TO DO: Below are the entries; return every line among them that holds the word "thumbnail".

MATERIAL FOR THIS EXERCISE:
+ + + + + + +
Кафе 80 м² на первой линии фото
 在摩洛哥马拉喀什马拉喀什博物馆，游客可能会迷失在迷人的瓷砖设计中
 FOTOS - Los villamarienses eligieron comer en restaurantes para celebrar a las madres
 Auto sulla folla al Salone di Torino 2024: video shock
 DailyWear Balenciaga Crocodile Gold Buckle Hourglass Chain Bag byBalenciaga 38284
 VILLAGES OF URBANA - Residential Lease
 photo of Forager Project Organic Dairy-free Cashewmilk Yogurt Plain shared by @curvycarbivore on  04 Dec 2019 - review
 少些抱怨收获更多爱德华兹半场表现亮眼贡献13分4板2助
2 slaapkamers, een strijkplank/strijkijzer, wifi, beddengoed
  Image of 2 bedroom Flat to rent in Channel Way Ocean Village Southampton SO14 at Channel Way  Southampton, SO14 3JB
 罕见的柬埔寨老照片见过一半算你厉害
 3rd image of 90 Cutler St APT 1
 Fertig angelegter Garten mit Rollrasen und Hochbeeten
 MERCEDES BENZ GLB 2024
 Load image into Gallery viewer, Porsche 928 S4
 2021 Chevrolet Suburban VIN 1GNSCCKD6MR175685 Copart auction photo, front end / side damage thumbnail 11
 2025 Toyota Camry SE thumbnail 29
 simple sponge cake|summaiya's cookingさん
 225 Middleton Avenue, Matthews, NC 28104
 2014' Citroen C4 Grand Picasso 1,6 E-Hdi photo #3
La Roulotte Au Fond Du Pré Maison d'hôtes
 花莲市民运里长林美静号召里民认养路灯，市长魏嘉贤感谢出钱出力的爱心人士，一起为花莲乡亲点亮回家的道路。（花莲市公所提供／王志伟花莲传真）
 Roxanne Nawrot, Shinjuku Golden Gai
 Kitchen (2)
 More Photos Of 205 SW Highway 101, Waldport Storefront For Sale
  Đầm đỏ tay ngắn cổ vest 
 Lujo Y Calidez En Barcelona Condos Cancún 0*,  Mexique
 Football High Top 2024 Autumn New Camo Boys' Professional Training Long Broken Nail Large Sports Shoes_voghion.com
+ + + + + + +
RESPONSE TO THIS TASK:
 2021 Chevrolet Suburban VIN 1GNSCCKD6MR175685 Copart auction photo, front end / side damage thumbnail 11
 2025 Toyota Camry SE thumbnail 29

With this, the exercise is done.